Records —
*** Begin section ***
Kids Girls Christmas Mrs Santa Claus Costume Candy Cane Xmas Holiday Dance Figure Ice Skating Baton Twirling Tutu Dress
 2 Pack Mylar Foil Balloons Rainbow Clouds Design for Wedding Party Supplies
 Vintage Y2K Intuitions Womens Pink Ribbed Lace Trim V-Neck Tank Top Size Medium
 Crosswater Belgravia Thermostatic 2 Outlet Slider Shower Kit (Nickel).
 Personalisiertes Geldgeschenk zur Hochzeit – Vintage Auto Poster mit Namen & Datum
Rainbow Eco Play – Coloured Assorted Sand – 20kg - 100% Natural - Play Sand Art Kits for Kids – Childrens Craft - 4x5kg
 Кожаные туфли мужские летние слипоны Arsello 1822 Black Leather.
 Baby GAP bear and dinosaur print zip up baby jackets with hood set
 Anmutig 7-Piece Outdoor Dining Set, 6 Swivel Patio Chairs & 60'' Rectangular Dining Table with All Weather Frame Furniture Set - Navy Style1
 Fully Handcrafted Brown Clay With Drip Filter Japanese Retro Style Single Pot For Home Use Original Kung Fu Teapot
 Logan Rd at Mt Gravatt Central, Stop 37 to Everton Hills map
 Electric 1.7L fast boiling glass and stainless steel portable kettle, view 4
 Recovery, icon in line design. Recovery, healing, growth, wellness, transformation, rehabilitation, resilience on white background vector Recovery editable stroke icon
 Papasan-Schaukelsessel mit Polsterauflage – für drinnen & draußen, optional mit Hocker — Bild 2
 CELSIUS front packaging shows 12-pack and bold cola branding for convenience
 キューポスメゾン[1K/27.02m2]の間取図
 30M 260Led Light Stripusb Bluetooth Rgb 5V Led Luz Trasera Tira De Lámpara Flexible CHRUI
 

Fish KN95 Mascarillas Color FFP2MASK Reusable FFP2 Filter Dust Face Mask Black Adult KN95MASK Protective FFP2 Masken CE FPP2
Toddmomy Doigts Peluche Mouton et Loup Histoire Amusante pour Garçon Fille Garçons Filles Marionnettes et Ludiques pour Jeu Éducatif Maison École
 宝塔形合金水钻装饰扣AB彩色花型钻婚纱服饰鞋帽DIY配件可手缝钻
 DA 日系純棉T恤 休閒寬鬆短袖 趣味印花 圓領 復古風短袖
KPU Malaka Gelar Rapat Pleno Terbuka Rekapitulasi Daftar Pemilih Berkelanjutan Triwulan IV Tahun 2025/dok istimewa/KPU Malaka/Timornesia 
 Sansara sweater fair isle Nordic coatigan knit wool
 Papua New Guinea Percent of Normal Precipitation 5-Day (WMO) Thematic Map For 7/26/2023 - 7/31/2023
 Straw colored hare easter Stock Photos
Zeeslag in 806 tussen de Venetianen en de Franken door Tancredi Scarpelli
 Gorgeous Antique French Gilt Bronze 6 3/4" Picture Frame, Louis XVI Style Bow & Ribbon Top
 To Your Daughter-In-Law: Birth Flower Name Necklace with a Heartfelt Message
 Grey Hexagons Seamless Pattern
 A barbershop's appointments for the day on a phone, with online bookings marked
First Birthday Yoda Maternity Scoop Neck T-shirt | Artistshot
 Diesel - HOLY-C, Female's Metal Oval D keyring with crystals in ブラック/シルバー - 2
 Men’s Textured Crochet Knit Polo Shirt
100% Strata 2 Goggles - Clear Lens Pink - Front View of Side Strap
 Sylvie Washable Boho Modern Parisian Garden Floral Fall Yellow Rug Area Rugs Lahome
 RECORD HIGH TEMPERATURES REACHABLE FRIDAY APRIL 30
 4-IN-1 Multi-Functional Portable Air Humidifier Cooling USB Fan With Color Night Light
*** End section ***
Instructions for the task — Retype only this portion of the data above: the line containing "Papasan-Schaukelsessel mit Polsterauflage", the line containing "Men’s Textured Crochet Knit Polo Shirt", and all lines between them, exactly.

Task output —
 Papasan-Schaukelsessel mit Polsterauflage – für drinnen & draußen, optional mit Hocker — Bild 2
 CELSIUS front packaging shows 12-pack and bold cola branding for convenience
 キューポスメゾン[1K/27.02m2]の間取図
 30M 260Led Light Stripusb Bluetooth Rgb 5V Led Luz Trasera Tira De Lámpara Flexible CHRUI
 

Fish KN95 Mascarillas Color FFP2MASK Reusable FFP2 Filter Dust Face Mask Black Adult KN95MASK Protective FFP2 Masken CE FPP2
Toddmomy Doigts Peluche Mouton et Loup Histoire Amusante pour Garçon Fille Garçons Filles Marionnettes et Ludiques pour Jeu Éducatif Maison École
 宝塔形合金水钻装饰扣AB彩色花型钻婚纱服饰鞋帽DIY配件可手缝钻
 DA 日系純棉T恤 休閒寬鬆短袖 趣味印花 圓領 復古風短袖
KPU Malaka Gelar Rapat Pleno Terbuka Rekapitulasi Daftar Pemilih Berkelanjutan Triwulan IV Tahun 2025/dok istimewa/KPU Malaka/Timornesia 
 Sansara sweater fair isle Nordic coatigan knit wool
 Papua New Guinea Percent of Normal Precipitation 5-Day (WMO) Thematic Map For 7/26/2023 - 7/31/2023
 Straw colored hare easter Stock Photos
Zeeslag in 806 tussen de Venetianen en de Franken door Tancredi Scarpelli
 Gorgeous Antique French Gilt Bronze 6 3/4" Picture Frame, Louis XVI Style Bow & Ribbon Top
 To Your Daughter-In-Law: Birth Flower Name Necklace with a Heartfelt Message
 Grey Hexagons Seamless Pattern
 A barbershop's appointments for the day on a phone, with online bookings marked
First Birthday Yoda Maternity Scoop Neck T-shirt | Artistshot
 Diesel - HOLY-C, Female's Metal Oval D keyring with crystals in ブラック/シルバー - 2
 Men’s Textured Crochet Knit Polo Shirt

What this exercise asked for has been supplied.